A round up of Borough’s best baking flours and how to get the most out of them
Unless you’re a particularly enthusiastic home baker—or seasoned Bake Off watcher—you’d be forgiven for thinking flour falls broadly into two categories, plain and self-raising, and giving it little more thought beyond that. In fact, there’s much more to this simple staple than you might think—and an impressive array to be found among the shelves at Borough’s traders to get experimenting with.
“We source all our flours from the Enrici family, who have been producing them since 1933 at their small stone mill in Azeglio, Piedmont,” says Sam of From Field and Flower. “They’re all made with natural wheat—there are no additives, preservatives or bleaching agents involved. They take care of their crops, and quality is checked throughout the production process. They won’t accept anything substandard.”
At the moment, the stall has three types in stock: 00 flour, pizza and focaccia flour, and ‘soffice’ flour—each of which serves a different purpose. When it comes to Italian baking, 00 is the panacea: “It’s highly prized in Italy because it’s milled in a special way to make it extra fine—it’s almost like a dust, beautifully powdery and light—which gives a superior dough,” Sam continues. “It’s good for all baking—cakes, breads, as well as tarts and biscuits. It doesn’t use as much water as other flours and that helps keep the texture of the bake super light.” Soffice flour, meanwhile, is made up of a combination of 00 flour and corn starch, “which makes for superb cakes, even without a lot of experience!” says Sam. “In Italy it’s traditionally used to make cakes known as ‘pan di spagna’, which are typically super moist, light and high. But it can be used for any cake: we’ve used it for apple cakes, chocolate cakes and more.”
Stronger, more elastic
From Field and Flower’s pizza and focaccia flour is also made up of 00 flour, but with added starches to make for a stronger and more elastic dough. “The secret is proving the dough for at least four hours—and up to eight hours—and ensuring it is moist enough, with the right amount of water in the mix,” she continues. “Once proved, before baking, you need to sprinkle some water over the pizza crust or liberally spritz water over the focaccia dough. It’s the humidity that makes for the best results.”

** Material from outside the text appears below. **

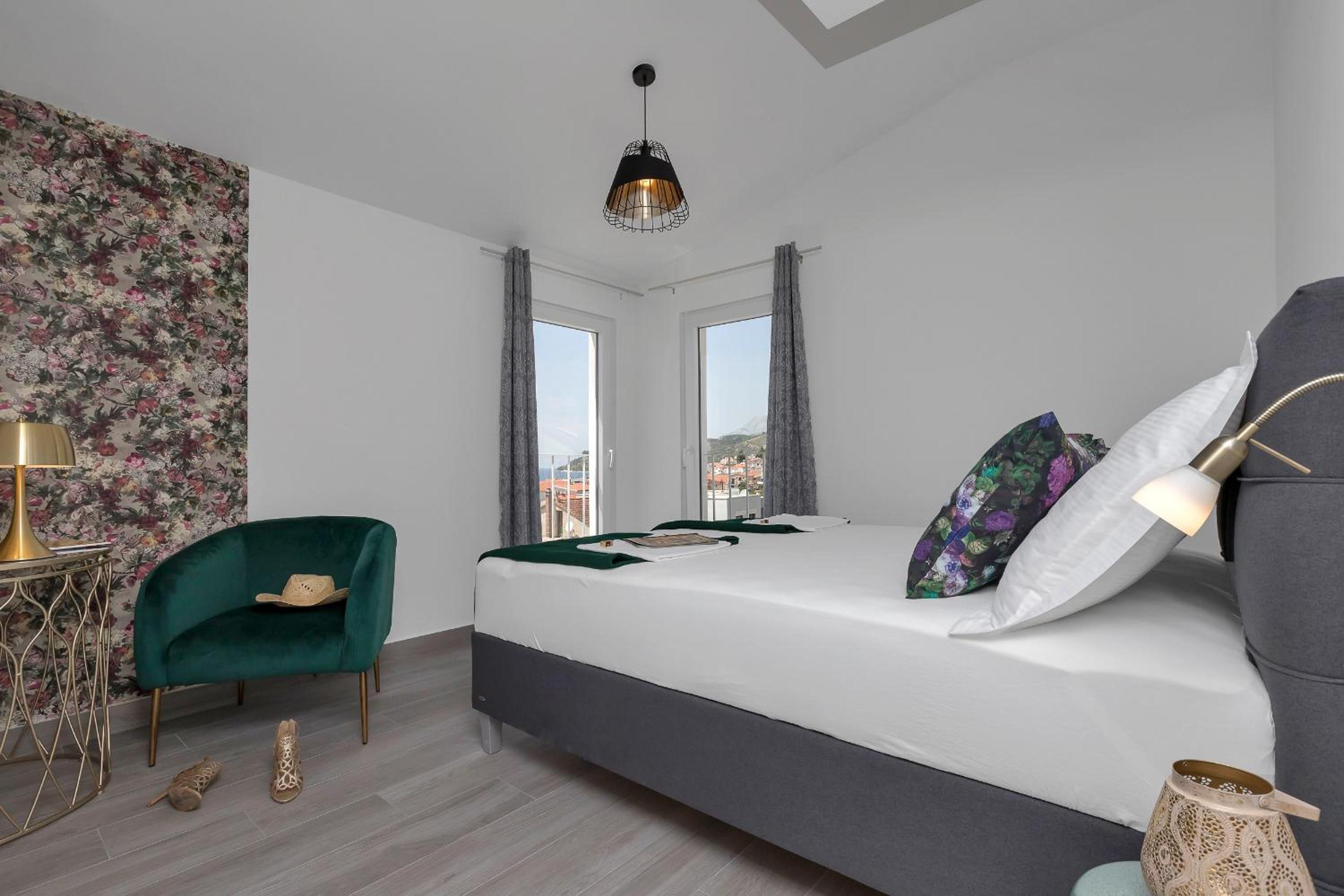 One-Bedroom Apartment with Balcony and Sea View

Over at Gastronomica, the resident pizza flour is ‘farina di grano tenero tip 0’, produced by Giuliano Pediconi in the Misa Valley, Barbara. “We’ve been using the same producer for all our flours for about 10 years,” says Germana. To make bread, “in Italy, we tend to combine the type 0 flour with our semolina di grano duro, but you have to follow a recipe because it’s important to get the proportions right and that depends on the bread you are making.”
Semolina, a coarse flour made from durum wheat, can also be used to make sweet desserts such as torta di semolino—a traditional Italian dessert, enriched with milk, eggs, butter and ground almonds—as can Gastronomica’s polenta. Essentially cornflour, the grain is milled such that when you add water, it changes consistency. For something savoury, try using it to make Kathy Slack’s chilli cornbread with tomato salsa—if you can catch the last of the season’s sweetcorn.
“We’re really proud of our flours. They’re excellent quality,” says Sam. “Though flour is a common thing, it can really affect the quality of what you’re baking—so it needs to be good.”